Now look. It really isn’t fair to take away someone’s licence and therefore their job just because they had an extra big helping of sherry trifle at lunch time.
I’ve never met anyone who is pissed at the current limit – only relaxed, and surely that’s a good thing. Certainly, I score better times on my Sega Rally Machine after a calming drink than I do after a row, or when I’ve got hay fever.
Baroness Hayman, who is Labour’s minister for road safety, says that the decline in drink-related accident casualties has levelled off – but decreasing the limit to the point where a pipette of ginger beer makes you Myra Hindley will only increase the figures.
Think about it. If every driver who crashes
is psychoanalysed to see if they’ve ever had a beer, just about every accident will become ‘drink-related’.
And anyway, the figures have only tailed off because so few people drink and drive these days. In 1996, the police breathalysed more people than ever before – 780,000 – and only 13 per cent were over the limit.
This means that 87 per cent of people who were seen driving in an erratic fashion were stone-cold sober. So, if the baroness wants to do something about road safety, this lot would surely be a better target.
Certainly, there is no point fiddling about with the limit because this won’t give old people better eyesight, and nor will it mend the ways of the so-called ‘hardcore’ drink driver. It won’t temper youthful exuberance either.
And to be perfectly honest, another round of tear-jerking advertisements to ruin the feeling of good cheer as we run up to Christmas will also be a huge waste of money because, frankly, most of us think the drink drive rules are a damn nuisance.
We don’t do it because the punishment is horrific – a year or more on the bus. And on this front, I can see a big problem just around the corner. Buses are getting nicer.
The pro-public-transport people should remember, as they campaign for more trains and comfy, air-conditioned double deckers with Jacuzzis and satellite television, that if buses suddenly become a viable alternative to the car, drink driving will go through the roof.

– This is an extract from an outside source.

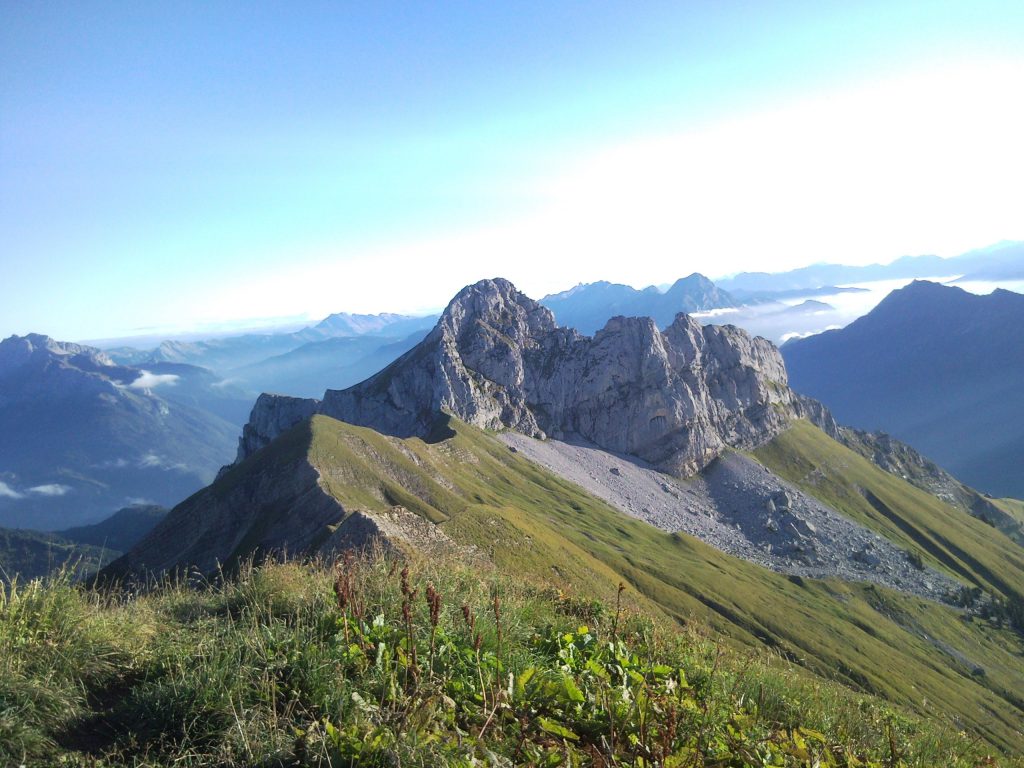 Photo de nature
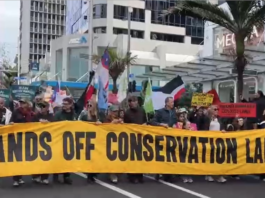 Protesters march down Auckland's Queen St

We need to go the other way. Buses should come with luggage and chickens on the roof. The suspension should be replaced with scaffolding poles, and passengers should be encouraged to cook in the aisles on Primus stoves.
And as for the trains: make them late on purpose. Even if the Fat Controller reckons one is going to reach the station on time, he should order the driver to slow down… as jerkily as possible.